A multi-cloud approach - what is in it for me?
Article by OVH CEO Michel Paulin
A recent survey reported that 89% of businesses have, or plan to, invest in digital initiatives this year. But despite the buzz around digital transformation, implementing it isn’t always smooth sailing – only 44% fully adopted the approach. Introducing new company-wide initiatives can be a daunting prospect for leaders, employees and CIOs alike, but particularly for the latter when it comes to assessing the best cloud environment for a business.
Successful digital transformation is not possible without core infrastructure which is fast and offers maximum reliability and flexibility. In today’s environment, businesses should consider a multi-cloud strategy that caters for their individual needs.
Before exploring the benefits and challenges that businesses ought to consider, I will look at what multi-cloud is and how it differs to hybrid cloud.
Public, private, hybrid and multi – a lesson in cloud
We are living in the era of cloud adoption. A recent IDC report indicated that by 2019, enterprises’ spending on cloud services will more than double to over AU$9.8 billion, leveraging the diversifying cloud environment.
While multi-cloud and hybrid cloud are closely related, they are not one and the same. Hybrid cloud, as the name implies, is a combination of public and private cloud services. For certain businesses, the model enables organisations to tap into the benefits of the public cloud, while maintaining their own private cloud for sensitive, critical or highly regulated data and applications.
In recent years, the popularity of public and hybrid cloud has signalled that more businesses are seeking off-premise services. That said, even hybrid cloud only offers a service, meaning a singular entity. Multi-cloud, on the other hand, is a series of entities that can be brought under centralised management. A multi-cloud strategy is an approach that operates any combination of private, public and hybrid clouds. Therefore, an organisation may have multiple public and private clouds or multiple hybrid clouds, all either connected or not.

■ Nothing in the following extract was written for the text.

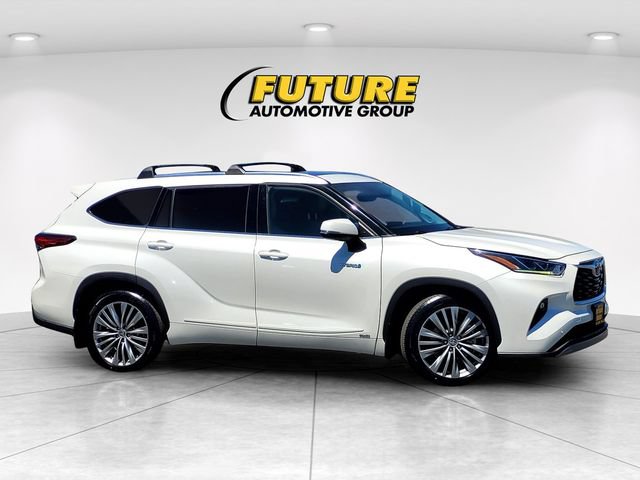Used 2021 Toyota Highlander Platinum AWD/4WD image 3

Despite the types of cloud environments you choose to operate in, its these technological breakthroughs in cloud infrastructure that has allowed companies to ideate and conceive new solutions and services at a faster pace.

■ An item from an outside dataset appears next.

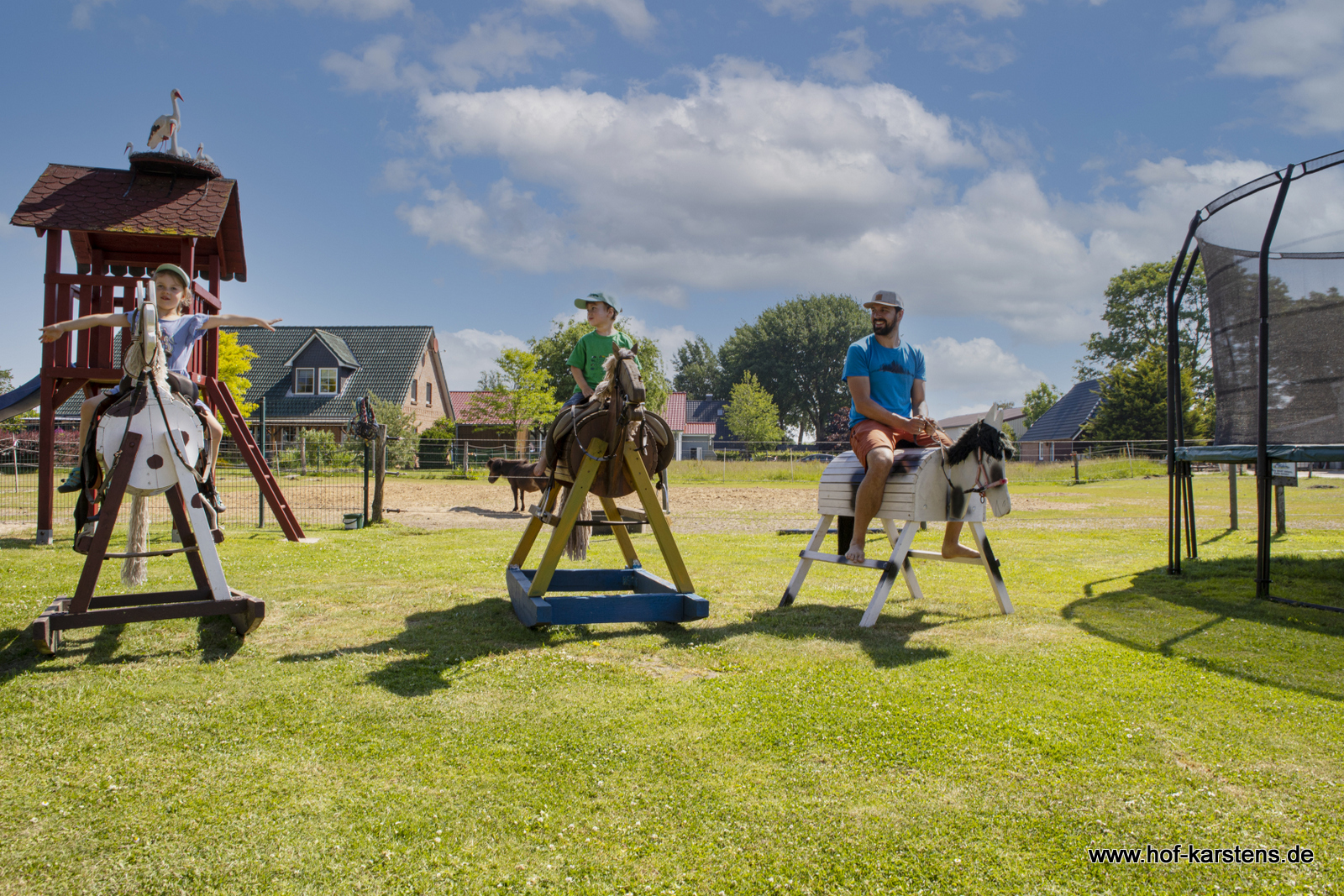 Ferien Bauernhof: Spielplatz - Ferienhof Karstens - Nordsee Schleswig- Holstein Dithmarschen nähe Büsum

Take the Internet of Things phenomenon as an example. The proliferation of wearable devices, smart household appliances and security sensors has only been made possible through developments in multi-cloud infrastructure. But putting global internet trends aside, what are the benefits of a multi-cloud strategy? And what challenges are there to consider when implementing it?
With multi-cloud, the world is your oyster
It’s worth for a moment pausing to take into account the benefits of hybrid cloud first. Hybrid cloud lets organisations take advantage of the scalability that the public cloud offers. It also lets businesses share resources and migrate between public and private clouds to take advantage of resource costs and network traffic levels which are often in flux.

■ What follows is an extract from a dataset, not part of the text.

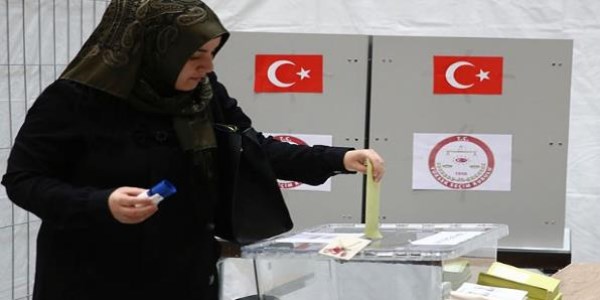 Türk vatandaşları oy kullanmaya devam ediyor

That all said, with multi-cloud, the world becomes your oyster. A multi-cloud approach provides the most comprehensive mix of public and private clouds, and they don’t necessarily need to be integrated, unlike hybrid cloud. Moreover, businesses today don’t have to be locked in to one provider. Certain platforms are built on open-source technologies like OpenStack, which are widely supported by a range of cloud service providers and vendors such as OVH. At the very least, opting for an open cloud gives businesses an extra element of flexibility.
From speaking to our customers at OVH, combining on-premise and cloud infrastructure with a multi-cloud strategy has allowed them to connect to networks in a totally isolated and secure way, via numerous points of presence around the world.
What’s more, I’ve noticed how it has allowed organisations to shift to the cloud at their own pace and take a flexible approach – all while responding to their strategic objectives. This means businesses can control and run an application, workload, or data on any cloud (public, private and hybrid) based on their individual technical requirements.
While there are many benefits of a multi-cloud strategy, naturally with new process come new challenges. Multiple cloud platforms can open up a wider range of possible vulnerabilities. Thus, they require extra effort to gain effective security, governance and compliance.
Today, however, businesses can take back an element of control and issues can be offset with thorough training for employees on security requirements. For example, organisations can roll out mandatory IT staff training about how to avoid failures in protection and what the reaction to a security breach or data loss should be.
Therefore, successful multi-cloud security requires embracing cloud-based offerings capable of providing continuous verification, analytics, and governance throughout your software delivery and operations processes.
Another point to consider when opting for cloud diversity is maintaining control of your budget. In order to ensure maximum efficiency with a multi-cloud strategy, it can be useful to have an internal team that can consolidate data and provide a cost/benefit analysis for the organisation. It’s also important to monitor cloud spends and finetune them depending on current and upcoming projects.
Whichever way you cut it, cloud adoption is not a matter of it, but when. Importantly, if a business is undergoing change, there are a myriad of cloud environments to help organisations manage that change. As technology continues to advance, cloud infrastructure will become a mandatory requirement for organisations of all sizes to develop and grow. To cater to every organisations’ changing needs, we’re increasingly advocating a multi-cloud approach that will allow businesses to achieve their digital transformation needs.